It is possible to extend a quantum field theory to a curved spacetime. But does this lead to predictions that can be tested and measured? Had it been confirmed?
The underlying reason I am asking this is: curved spacetime means emergence of gravity and therefore General Relativity regime. And we know that GR and QFT are incompatible. I realise that in order to include gravity, one should put its Lagrangian in from the very beginning and this, I guess, does not work. But does the current mathematical framework for extending the known field theories to a curved spacetime work?
Answer
The biggest prediction of QFT on curved (not dynamical!) space-time is the Hawking radiation . This radiation can in principle be measured experimentally, even though it's an effect so small that with current technology there's probably no hope of a measurement. It's still possible that with some clever way of maximizing the experimental signal we could achieve such goal (for instance with something like the measurement of the proton life time, in which there's no hope to follow a single proton for $10^{33} yr$, but it's "easy" to do that with $10^{33}$ protons.)
Moreover, in the solar system gravity is weak, the space is only slightly curved. Therefore, while QFT on flat space-time can be routinely tested in a laboratory on earth, for a significant curved space-time effect you have to usually look at astrophysical or cosmological experiments, with all the related uncertainties.
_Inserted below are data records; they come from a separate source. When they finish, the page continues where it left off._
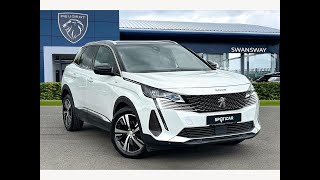 Approved Used Peugeot 3008 16 PureTech GT EAT  Swansway Chester Peugeot  MF71TCX [upl. by Okihcas]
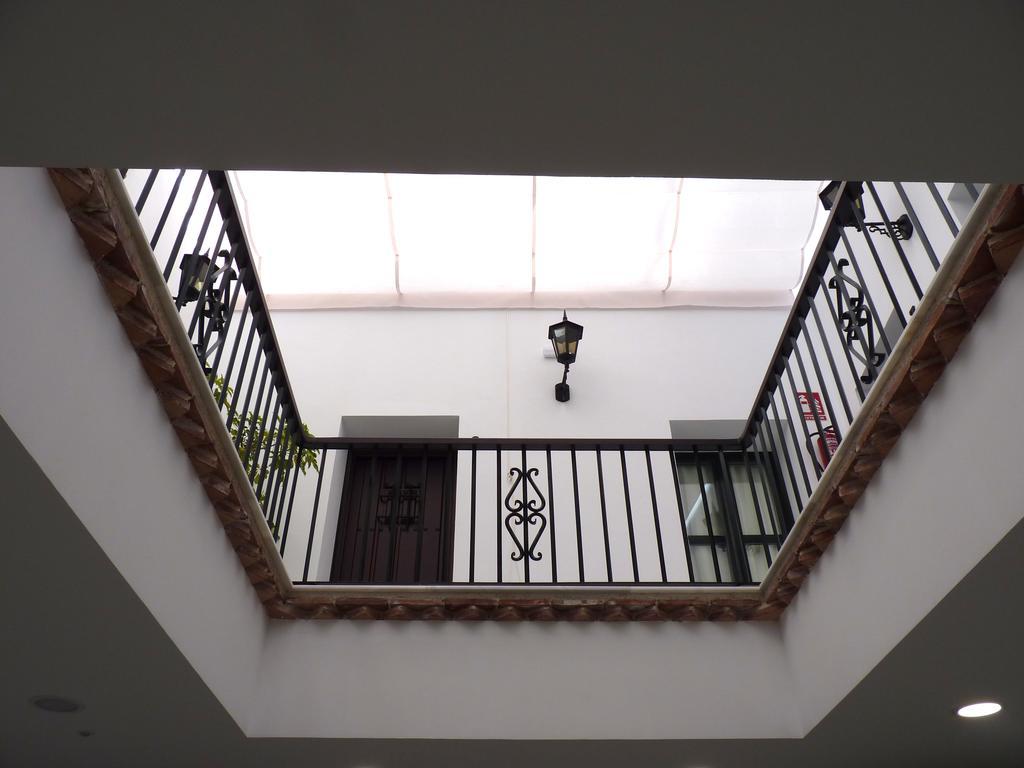 Hostal Boutique Casa La Laja شيكلانا دي لا فرونتيرا المظهر الخارجي الصورة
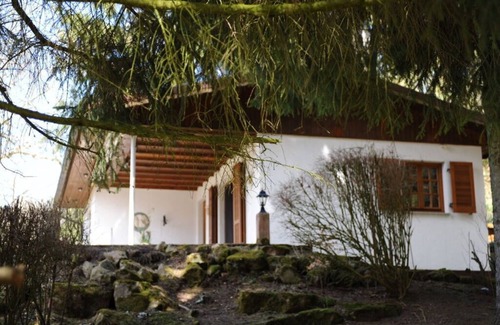 Buchschirm House | Panorama: Ideal Holiday Residence with Pet-Friendly Amenities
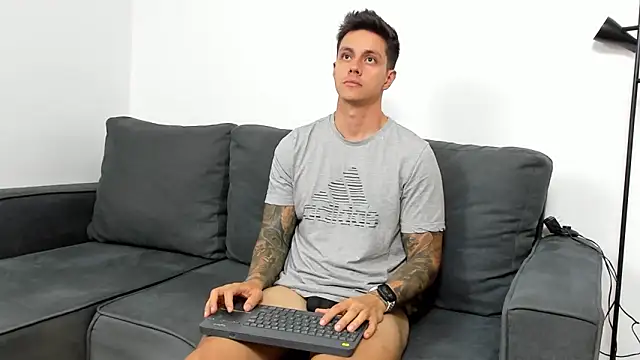 JeanBroc online show from 10-04-25, 08:40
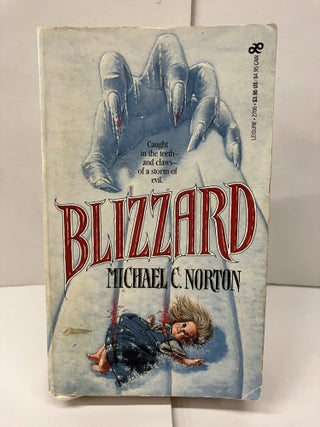 Item #99206 Blizzard. Michael C. Norton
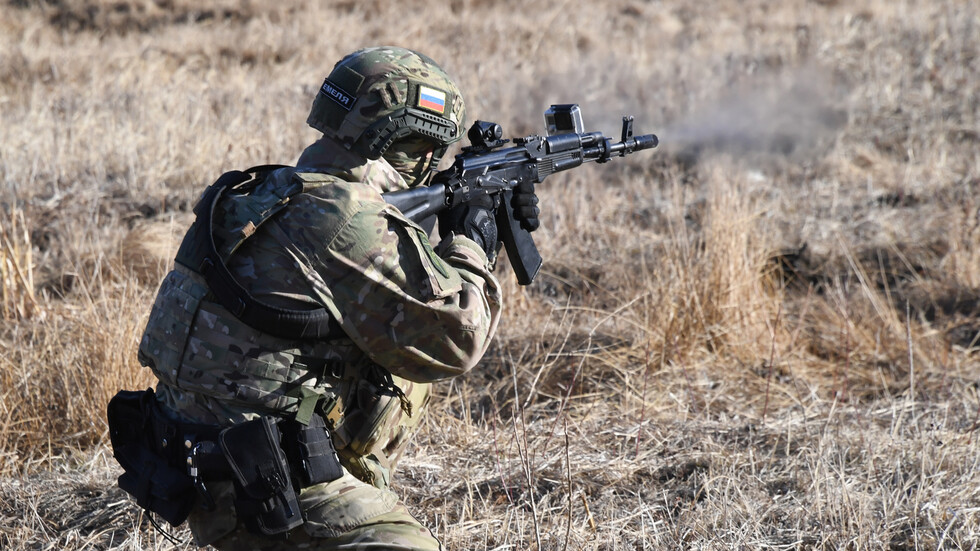 الحرس الوطني الروسي يكشف عن مهماته في سوريا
The math: Is known that a theory with interacting gravitons (spin 2 massless particles) is not renormalizable. QFT with gravitons as an effective field theory could work, in the sense that you can make predictions like in the Fermi's theory of weak interactions. For instance see the beautiful treatment of Schwartz (Quantum Field Theory and The Standard Model, p.404) in which he finds the quantum gravity predictions to the Mercury's perihelion shift.